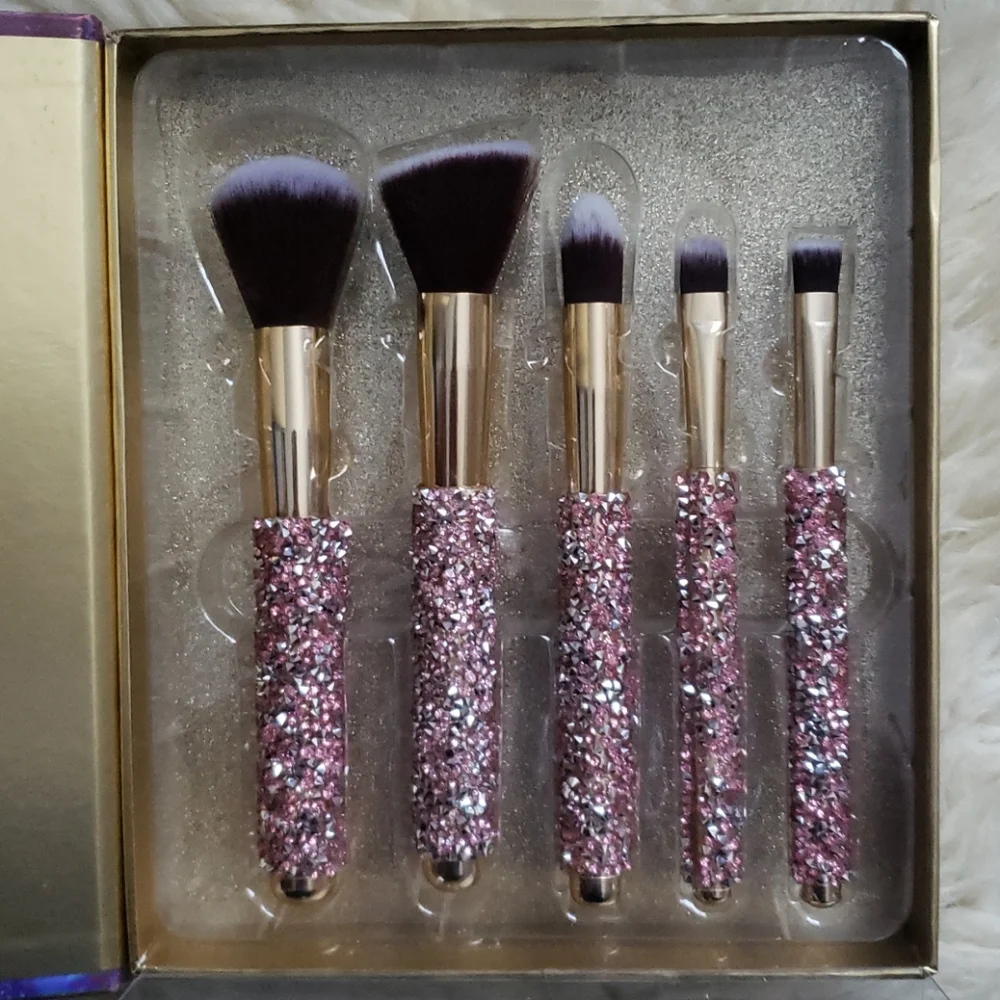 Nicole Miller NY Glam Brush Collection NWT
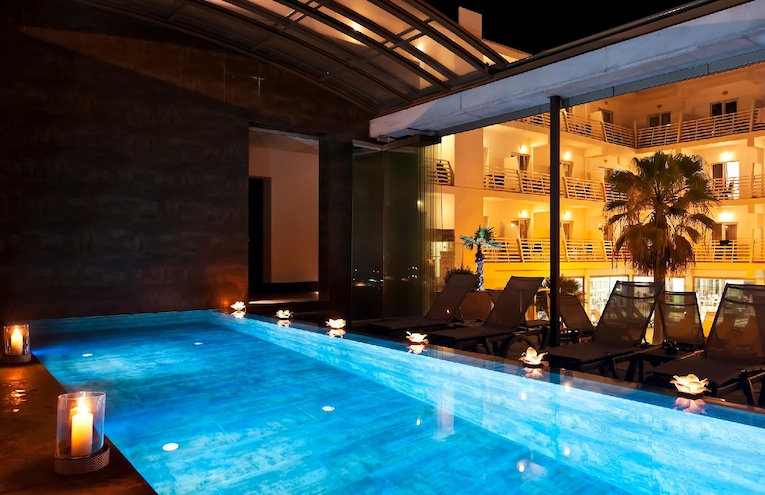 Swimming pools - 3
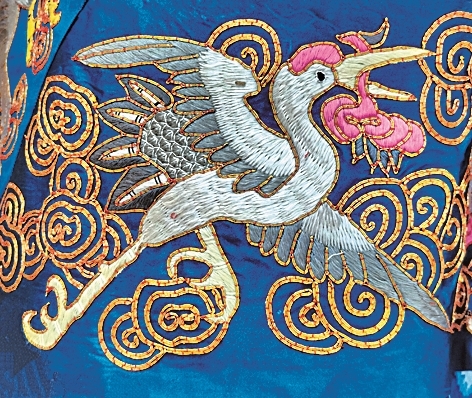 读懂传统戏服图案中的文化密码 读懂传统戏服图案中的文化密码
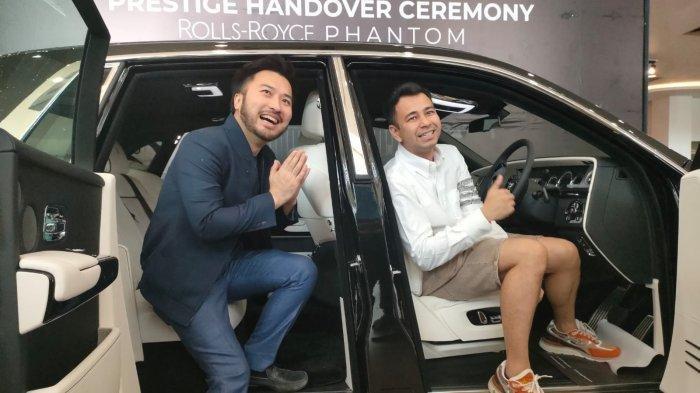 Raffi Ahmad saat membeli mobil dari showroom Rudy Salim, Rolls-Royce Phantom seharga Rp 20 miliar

* [ASSIGNMENT]:
Please provide a faithful transcription of all the data, pictures excluded.

* [TASK RESPONSE]:
 Nicole Miller NY Glam Brush Collection NWT
 Swimming pools - 3
 读懂传统戏服图案中的文化密码 读懂传统戏服图案中的文化密码
 Raffi Ahmad saat membeli mobil dari showroom Rudy Salim, Rolls-Royce Phantom seharga Rp 20 miliar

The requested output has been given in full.